Lighting

What do people use for lighting? Do you use batteries or generators? We would like soft lighting, but lighting to read by. Thanks

All battery powered in our 5m bell. A generator would be noisy. If we need something specific (e.g. reading small fonts) we do have torches but in general we find fairy lights, fake candles and a fire to do the job most of the time.

1 Like

3 candles is enough to read fairly clearly, Although you end up squinting a bit if they’re flickering, enclosed lanterns help.

Otherwise if you want something portable mage lights are a thing, and anything not too modern looking will work, various disguised battery lights available, some brighter than others.

I also have a very small LED light I can hide in my hand, which is useful for reading song words around a campfire.

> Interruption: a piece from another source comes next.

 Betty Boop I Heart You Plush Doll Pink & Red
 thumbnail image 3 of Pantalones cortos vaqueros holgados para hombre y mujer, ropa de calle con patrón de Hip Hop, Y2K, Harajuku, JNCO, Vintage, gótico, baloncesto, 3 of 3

Generators I suspect would need to be OK’d with site crew if allowed as they would need to know where possible fire risks and fuel storage are for safety reasons.

1 Like

Some people use candles, oil-lamps and the like.

Magical glowing crystals (“glowstones”) are mentioned on the wiki as being common throughout the Empire (though originally invented in Urizen). So people tend to represent those using LED lights dressed up appropriately.

Definitely batteries not generators.

Inside that tent: Battery powered tea light, some tall candles set to constant light (yes I only found that out at the last event), and a flat round LED light within a a lamp (strung high on a central hook). This normally gives enough light to read and make notes

Outside the tent: Small red LED flash on the end of a wand, and a small LED flash light strapped to the underside of a bracer (before I had this, I was constantly tripping over guy ropes, sorry anybody that I woke up)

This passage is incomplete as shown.